Mercedes-Benz EQA concept, 2017 Frankfurt auto show

Mercedes-Benz EQA concept, 2017 Frankfurt auto show

Enlarge Photo

The 2017 Frankfurt Auto Show was full of new cars and futuristic designs, but one word hummed in the background: electrification.

Many major automakers announced that they would produce more electric or electrified vehicles in the near future, while others doubled down on moving to fully electrified portfolios with a self-imposed date. Mercedes-Benz and Volkswagen Group were the latest.

Both German automakers announced their plans to move to a fully electrified lineup over the next decade at the show's preview days last week. Mercedes-Benz said by 2022 all of its cars will offer an electrified option; VW said that its entire portfolio of 300 cars would be electrified by 2030.

“By 2022, we’ll have the entire Mercedes-Benz product portfolio in an electrified version as well, to offer a maximum of choices for our consumers. The time is right,” Dieter Zetsche, chief of Mercedes-Benz parent-company Daimler, told Autocar.

Volkswagen and Mercedes-Benz join a growing list of automakers that plan for electrified ranges including Volvo, Jaguar, Lincoln, and others.

Volkswagen ID Crozz II concept, 2017 Frankfurt auto show

Volkswagen ID Crozz II concept, 2017 Frankfurt auto show

Enlarge Photo

Additionally, Volkswagen Group plans for 80 electrified cars across its vast portfolio of brands by 2025, which includes Volkswagen, Audi, Lamborghini, Skoda, and more. Motor1 reports 50 of these new vehicles will be purely battery-electric, and 30 will be plug-in hybrids.

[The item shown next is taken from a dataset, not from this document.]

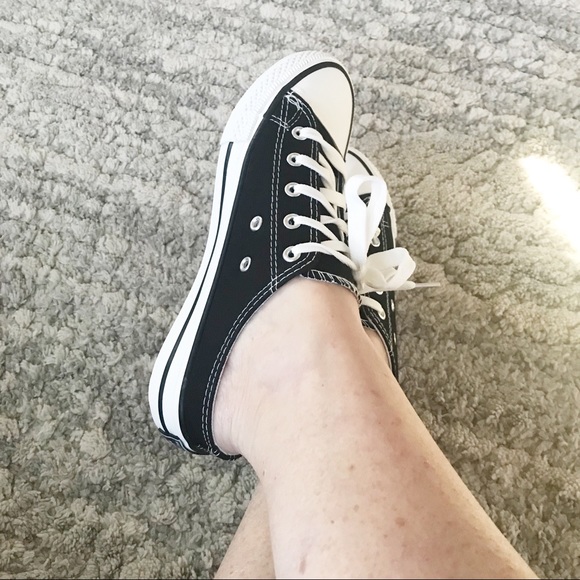 Sporty Canvas Lace Up Slides Size 7 1/2 - Picture 4 of 4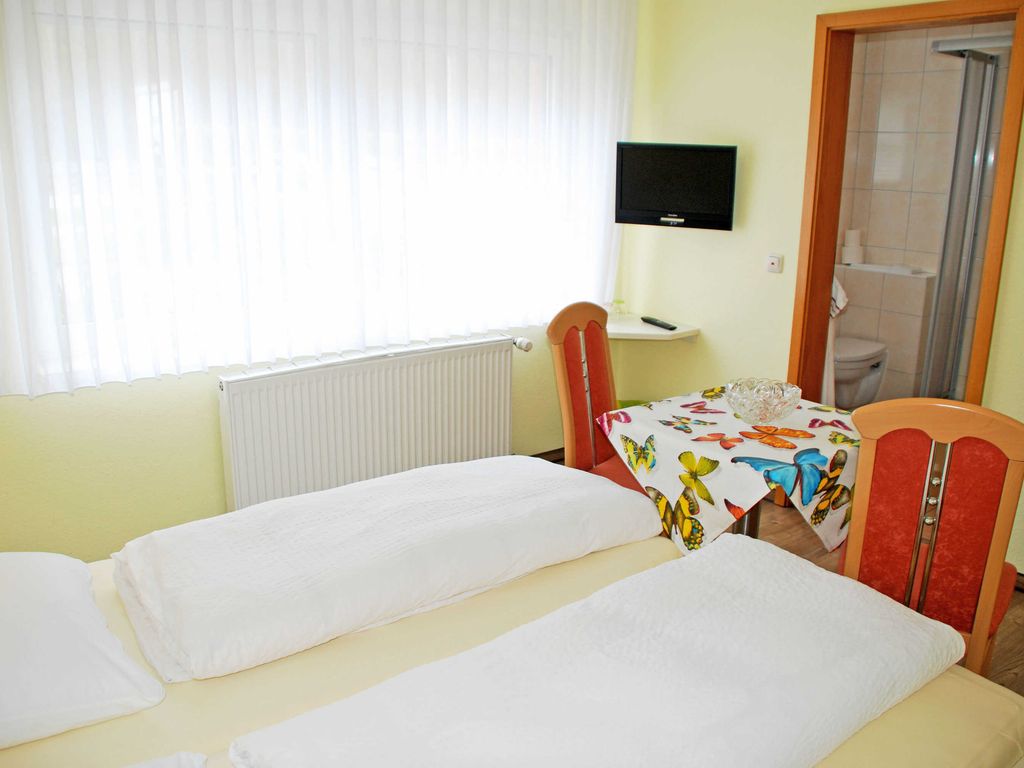04 Doppelzimmer - Pension mit Frühstück im Ostseebad Baabe detail 2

Before the auto show opened to the public, VW Group CEO Matthias Muller told journalists that the automaker would spend about $24 billion in upgrades that include a battery facility. Muller said the facility would be roughly 4 times bigger than Tesla's "Gigafactory."

“This is not some vague declaration of intent. It is a strong self-commitment which, from today, becomes the yardstick by which we measure our performance," Muller said.

Both Muller and Zetsche said that internal combustion engines, including diesel powertrains, would help the automakers realize their electrification goals in the future.